[Data records]

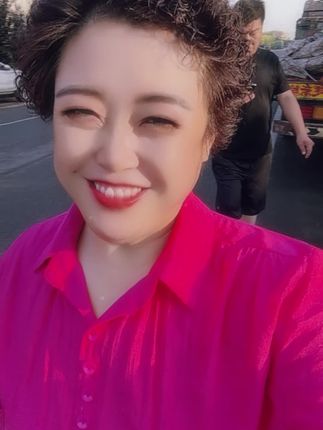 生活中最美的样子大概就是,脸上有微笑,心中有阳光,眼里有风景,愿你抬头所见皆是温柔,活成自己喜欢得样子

---

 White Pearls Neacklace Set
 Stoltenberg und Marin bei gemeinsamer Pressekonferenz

[Requirement] Using the listing above, copy exactly the line that contains "White Pearls Neacklace Set", the line that contains "Stoltenberg und Marin", and each line that falls between them.

[Written response]
 White Pearls Neacklace Set
 Stoltenberg und Marin bei gemeinsamer Pressekonferenz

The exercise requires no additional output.